By on February 10, 2016
An artist’s rendering of the proposed use for Akron’s Westview Golf Course. Handi*Vangelism Ministries International plans to develop a property for people with special needs and disabilities, and their families.

An artist’s rendering of the proposed use for Akron’s Westview Golf Course. Handi*Vangelism Ministries International plans to develop a property for people with special needs and disabilities, and their families.

A plan to change Akron’s Westview Golf Course from one kind of green space to another was unveiled Monday night at Akron Borough Council’s regular monthly meeting.

Handi*Vangelism Ministries International presented their proposal to develop a facility that would consolidate their ministry to people with special needs and disabilities from two locations into one.

HVMI was founded in 1973 by Tim Sheetz, who serves today as the organization’s executive director. His wife Kathy is executive secretary. The couple live on Heritage Road in a property that adjoins the golf course.

HVMI’s attorney, Robert Weaver, of Lancaster, explained to council and a packed meeting room, what the organization would like to do with the property. Over the summer, HVMI hosts camps for special needs children. Each camp runs for five days and four nights and includes from 20 to 35 children. The children receive one-on-one counseling while they are at the camp.

Although summer is the busiest time for HVMI, there are programs throughout the year.
“In addition to the summer camps,” Tim Sheetz told council, “we have weekend retreats for the summer campers.

We also want to have a getaway area for parents who have lost a child. This is a no-cost getaway for people who need help, solace, comfort. That’s part of our ministry.”

Weaver contrasted the HVMI proposal to developing the tract as a residential development.

“The property is probably not realistic for residential,” he said. “A substantial portion of the property is now on floodplain. And the property drops off substantially towards the Cocalico Creek.”

He added that the current Westview owner, Robert Seidel, is looking to sell the property because he wants to retire. Par-three golf courses aren’t as profitable as they were at one time, so in order to sell it, it would have to have a change in use.

HVMI would like to use the property both for its headquarters and for the work of its various ministries. They see a need for a one- or two-story headquarters building, a cabin for the overnight campers, a multi-purpose building, a pavilion and two or three houses for the permanent staff of counselors and people who would maintain the property.

Weaver said leaving most of the property in green space would be an advantage for the borough’s stormwater and runoff issues. And he frequently stressed that the sketch plan presented to council on Monday night was very preliminary.

The borough’s planning commission will meet at borough hall on Thursday at 6:30 p.m. to discuss the HVMI proposal among other issues.

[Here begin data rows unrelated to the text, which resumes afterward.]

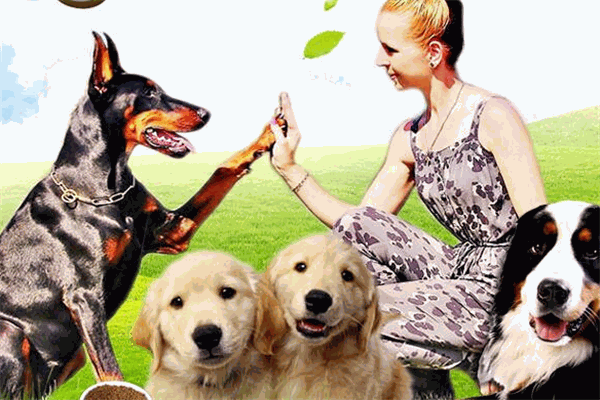 犬语者宠物训导馆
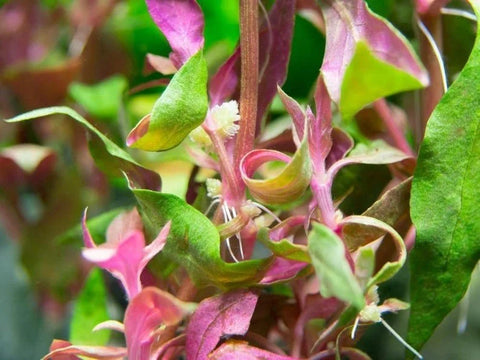 BUY 2 GET 1 FREE Scarlet Temple (Alternanthera Reineckii)-Easy Live Aquarium Pond Aquatic Plant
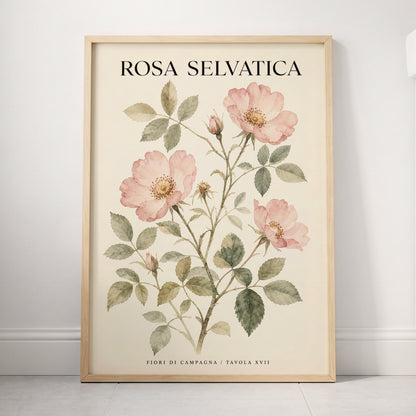 Wild Rose Study, pink, green, beige floral wall art displayed in a styled interior, gallery view 3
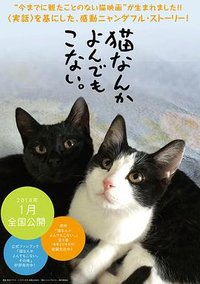 Cats Don't Come When You Call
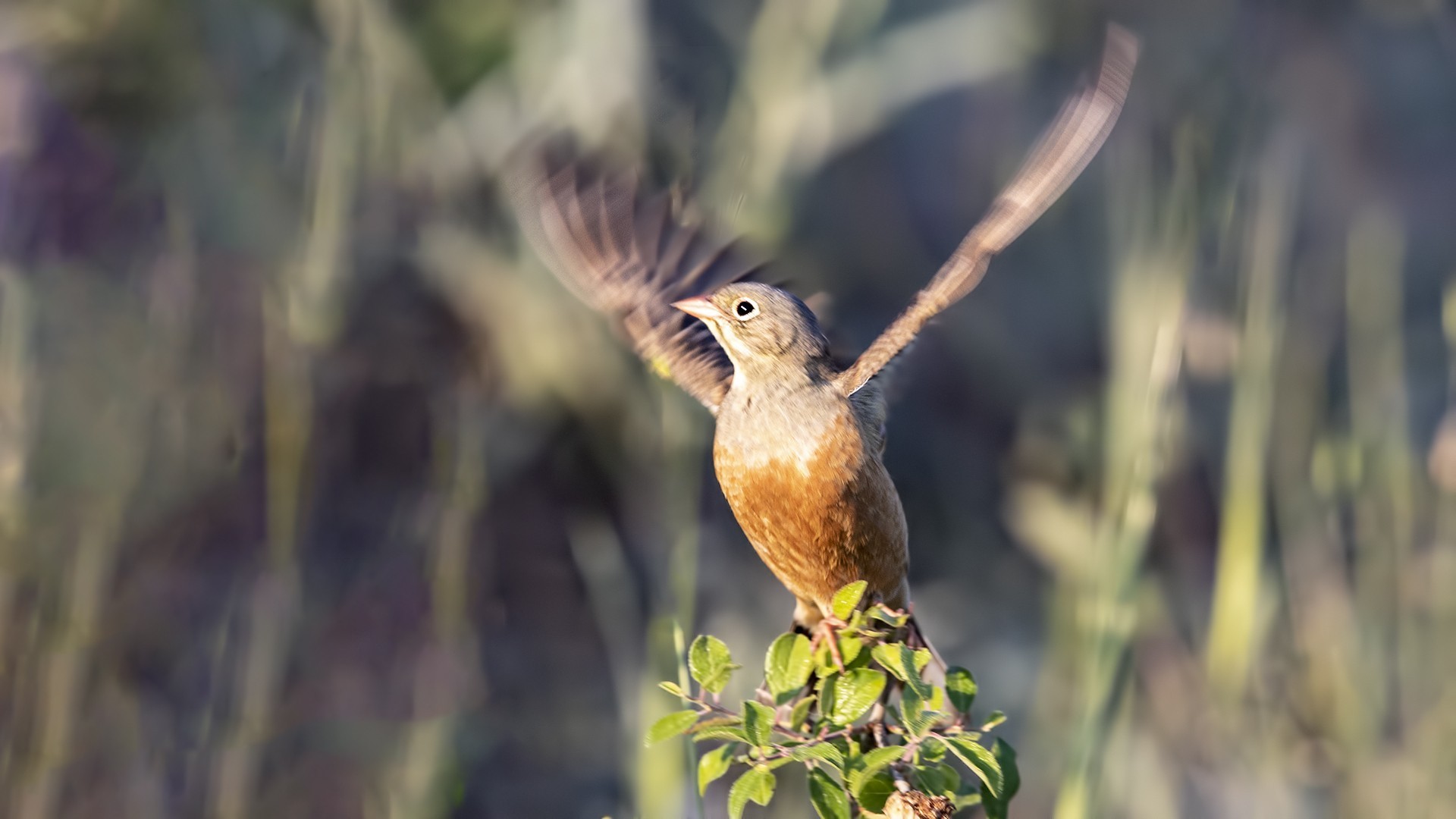 Ortolan Bunting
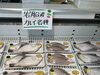 「本日のお魚」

Former council member Joyce Moyer was at the meeting and asked questions about traffic, HVMI’s tax-exempt status, and the roads indicated on the sketch plans.

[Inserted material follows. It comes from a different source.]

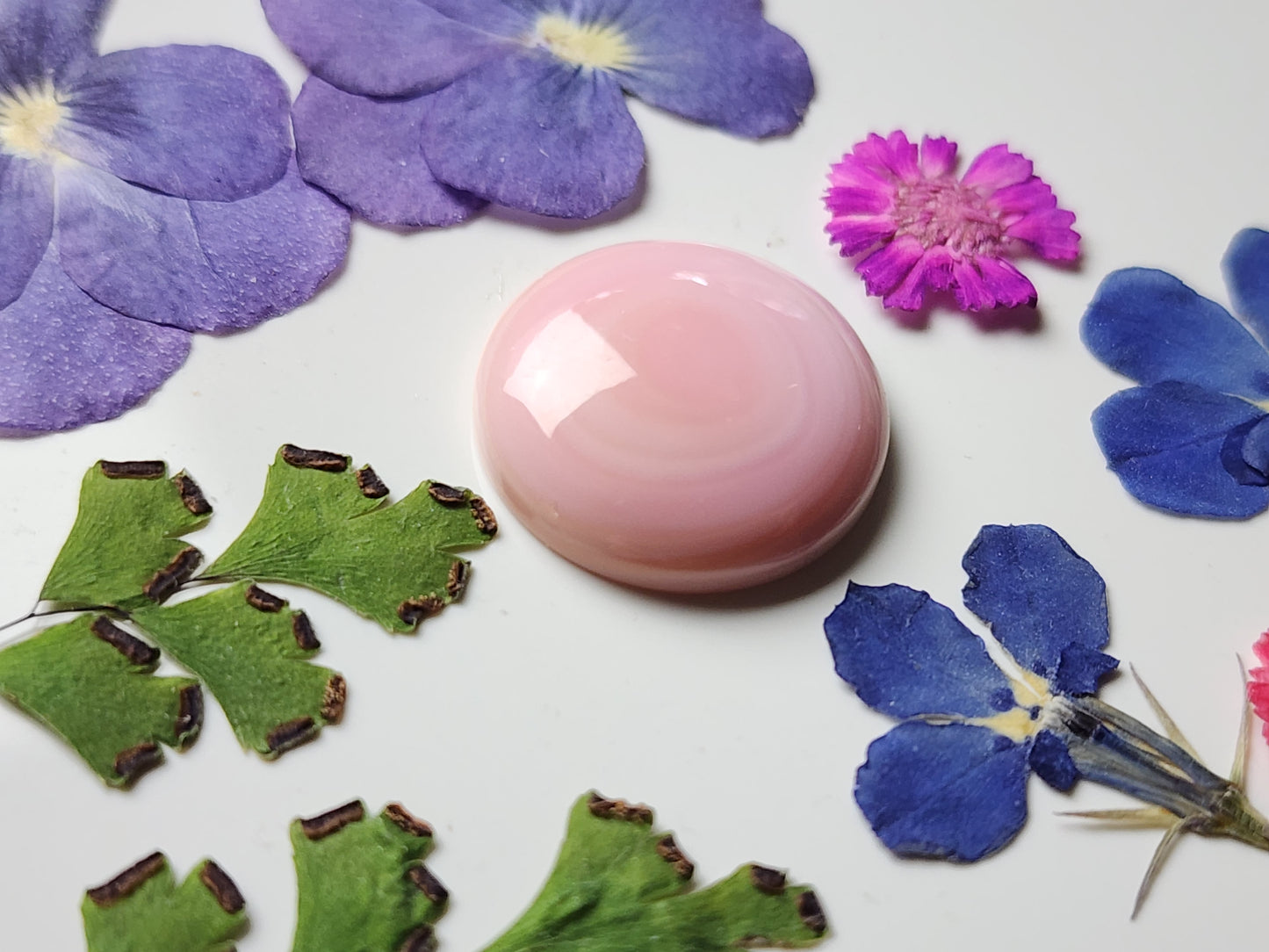 Pink Conch shell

Kyle Robinson, assistant to Tim Sheetz, said traffic shouldn’t be much of an issue. Day-to-day, only about a dozen people would be entering and leaving the property, and some of them share a ride. During camping season, parents drop their children off on Monday morning and pick them up Friday afternoon. He said it’s a quick process.

The roads on the sketch plan would be driveways maintained by HVMI staff.
Weaver addressed the tax-exempt issue by saying that very often non-profits do make payments in lieu of taxes to the municipalities in which they are located.

K. L. Shirk, the borough solicitor pointed out that discussions about such payments were part of the normal “horse trading” that revolves around zoning issues, but said approval or disapproval of the HVMI plan could not be contingent on whether or not the organization would offer to make such payments.

Westview currently pays about $1,100 a year in tax to the borough.

There seemed to be no serious objections to the HVMI proposal, but one Heritage Road resident made an impassioned speech in favor of it.

“My name is Tony Ice,” he said, “a resident of Heritage Road. I’m one of the properties that borders Westview. I’m at 24, and my mother’s property is at 18. We were one of the first properties in that development back in 1972.

“I’ve lived with the golf course for its many years. I went to school with Robin Seidel and I know of all the hard work that he and his father before him have put into the property, trying to keep it as green space, beautified with flowers, trees, green lawn, and a tremendous job of weed control.

“I can’t think of anybody I’d rather see there than HandiEvangelism. They recognize its value as green space, and being able to have a beautiful-looking property.

“I believe, if you’ll accept my expression, that God has had his hand in this whole works. And I am glad to see this going forward. I’ve seen and heard some things that I believe are the hand of God moving.

“I would hope that the hearts and minds of council are open and will listen to that tiny voice that directs you. I would ask for your blessings in this project going forward.”